Há uma continuidade através de centenas de ações de resistência e enfrentamento, mesmo que tenham se dado em contextos e com motivações diferentes, e mesmo que tenham sido derrotadas, capturadas ou distorcidas: Comuna de Paris, Rússia, Guerra Civil espanhola, Cuba, apenas para citar as mais consagradas. As manifestações deste ano e as da última década (Seattle, Washington, Genova, Chiapas, as revoltas dos imigrantes na França, entre outras, sem esquecer, claro, as recentes rebeliões populares na Grécia) têm, assim, ligação direta com todas as ações de resistência e enfrentamento ao capitalismo, e estão bem próximas, no tempo, de um dos momentos maiores mais vibrantes e ousados do movimento de contestação ao atual modelo de civilização, que foram as ações dos estudantes, operários e da juventude em geral na chamada contracultura, nas décadas de 60 e 70.

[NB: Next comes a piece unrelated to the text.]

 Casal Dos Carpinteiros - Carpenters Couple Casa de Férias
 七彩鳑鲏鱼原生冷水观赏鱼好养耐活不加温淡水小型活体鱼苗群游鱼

Enfim, são combativas demonstrações, que mantêm viva a crença na possibilidade de uma humanidade concretamente voltada para sua tarefa essencial, que é a de respeitar e reverenciar a vida, as pessoas e o próprio mundo, uma humanidade que não se entregue a estruturas e grupos de poder cegos, irracionais e cada vez mais desumanos. Mantêm viva a crença de que podemos cuidar e fruirmos da riqueza que há em nós próprios e no mundo que nos cerca, sem estarmos submissos a estruturas que nos alienem de nós próprios, estruturas que cada vez mais nos afastam uns dos outros, tomados pelo medo, hostilidade, indiferença e futilidade.

Claro que uma postura de respeito e de maior atenção, para com essas ações de resistência e enfrentamento do movimento libertário, não exclui a legitimidade a necessidade das outras formas de atuação, propostas ou praticadas pela esquerda institucional, principalmente aquelas mais incisivas, adotadas por alguns governos progressistas da América Latina, na tentativa de construção de um socialismo institucionalizado. O que importa é que cada parte compreenda a escolha e a forma de luta, que reconheça a força e a verdade bem como compreenda as eventuais limitações da outra parte, todos sabendo que o fundamental é resisitir e derrotar o inimigo comum, sabedores de que lá na frente, à época da colheita e da Grande Festa da humanidade, cada um terá dado o seu trabalho e a sua crença.

Que as ruas sejam cada vez mais tomadas, que o grito de alerta dos anarquistas e libertários soe cada vez mais sonoro e vibrante, e que seja cada vez mais ouvido, antes que estejamos todos narcotizados em nossas almas de plástico.